As the cloud infrastructure person at Omni, it’s my responsibility to make sure that we use our AWS resources in a cost-effective way. It’s great that we spend money on building a fast and reliable platform for our customers, but it’s not okay to waste money on resources that we aren’t using or getting full value from.
AWS makes it easy to provision cloud infrastructure with a few clicks or lines of code. However, every piece of cloud infrastructure comes with a cost, and it isn’t hard to accidentally spend (sometimes, a lot) more money than intended.

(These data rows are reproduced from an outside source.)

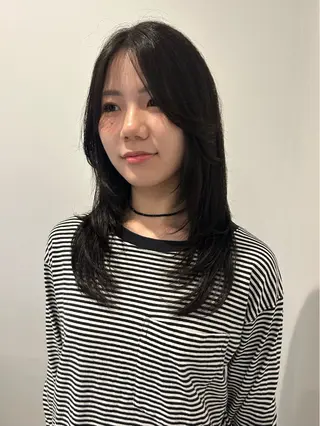 セミロング 💫レイヤーカット 💫ブリーチ💫サキのヘアスタイル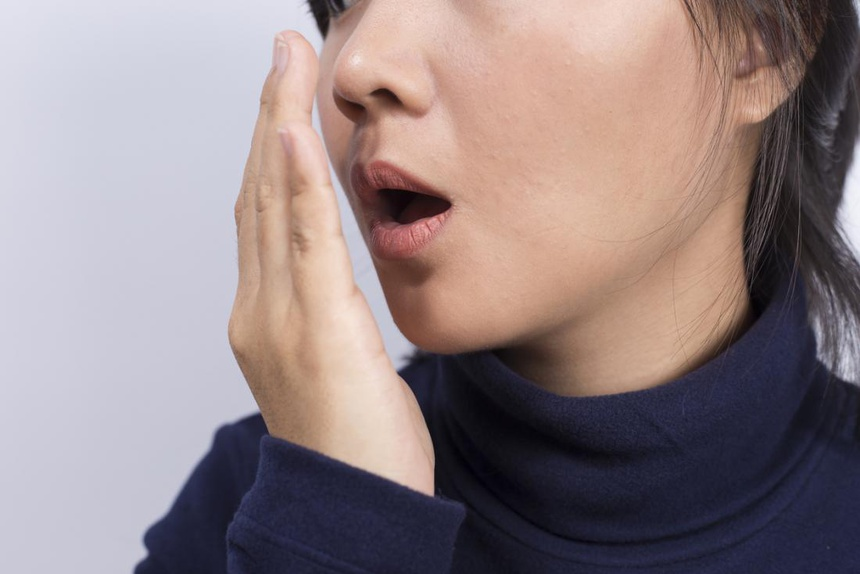 Sỏi amidan: Thủ phạm không ngờ khiến nhiều người bị hôi miệng dai dẳng Sỏi amidan: Thủ phạm không ngờ khiến nhiều người bị hôi miệng dai dẳng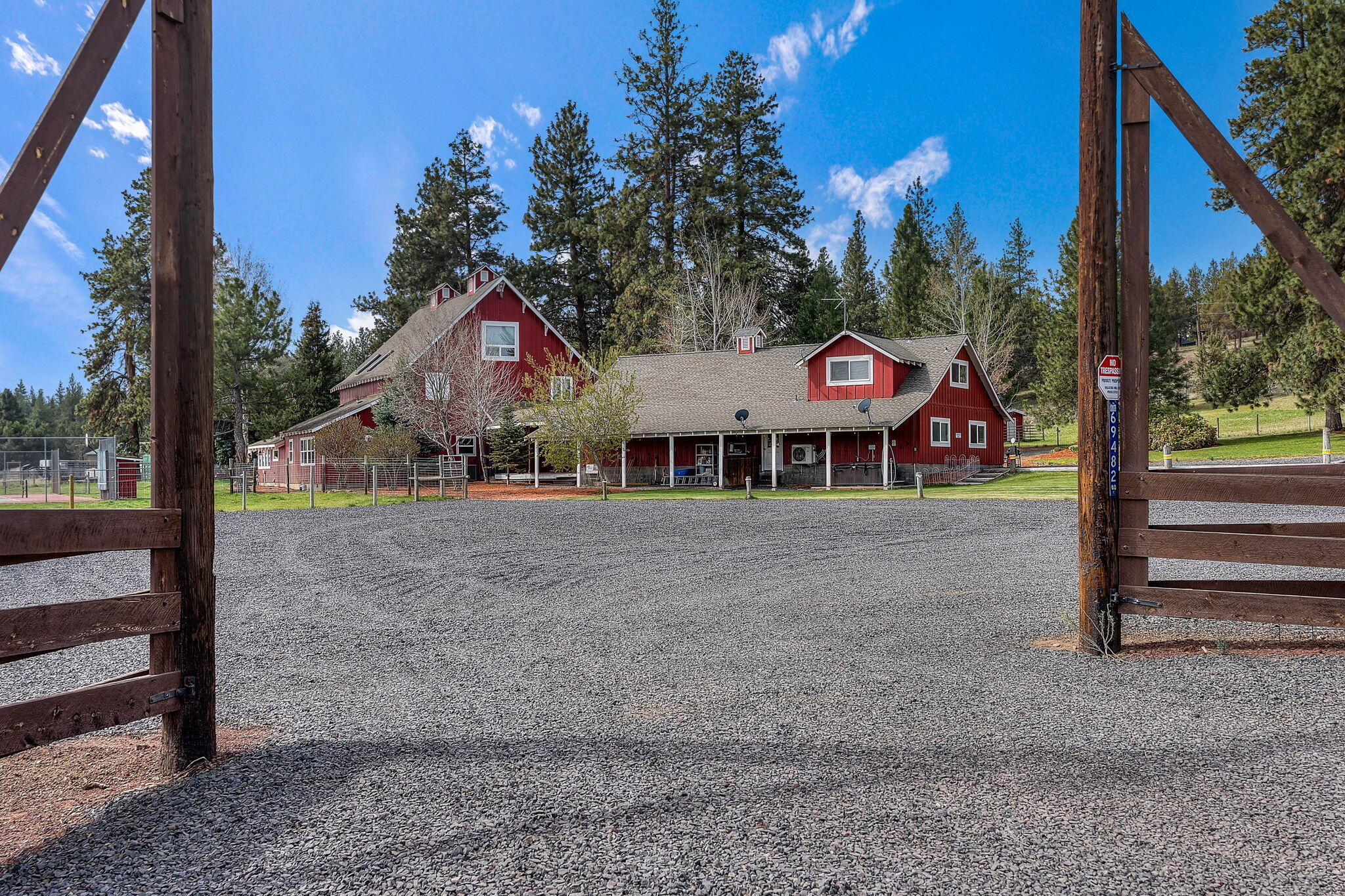 69482 Panoramic Drive Sisters, OR 97759 - Photo 2 of 62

Earlier in my career a co-worker of mine (really – I promise, it wasn’t me) built a cool new feature using AWS that our customers loved. As a good developer, they put a lot of effort into making sure that the new feature could scale up to meet the needs of our customers as we grew. The feature worked out wonderfully, but we had a bit of a shock when the AWS bill came in later that month – our overall AWS costs had doubled. Turns out my coworker had forgotten to spin down the servers they’d used to load test the feature, which resulted in additional AWS costs of thousands of dollars.
Anyone working in cloud computing probably has a similar story. Learning from this experience (and many others), I set out to create an AWS cost monitoring dashboard to display our cloud costs across a variety of dimensions so I would have all the tools needed to identify trends in our spending, determine where our money is going, and maintain efficiency for our budget.
There are a variety of tools that slice and dice AWS spending into reports and charts. AWS itself includes AWS Cost Explorer, which is good but pretty limited. I also looked at a variety of 3rd party AWS cost analysis tools, but decided to build out the reporting myself. Why? Turns out, I work for a business intelligence company with a product built to analyze data 😀
Going from raw AWS cost data to an actionable dashboard
Step 1: Export AWS cost data into Amazon S3
We use Snowflake as our data warehouse (though any data warehouse or database would work just fine for this). So, first, I needed to figure out a way to get our AWS spend data into Snowflake. Since Snowflake provides a mechanism for loading from an S3 bucket, I set out to get the spend data into S3.
Luckily, AWS has a feature, AWS Cost and Usage Reports, that does just that – exports cost and usage data to an S3 bucket. They recently added some great new features to the cost and usage data export, which are incorporated into the process I’ll outline below.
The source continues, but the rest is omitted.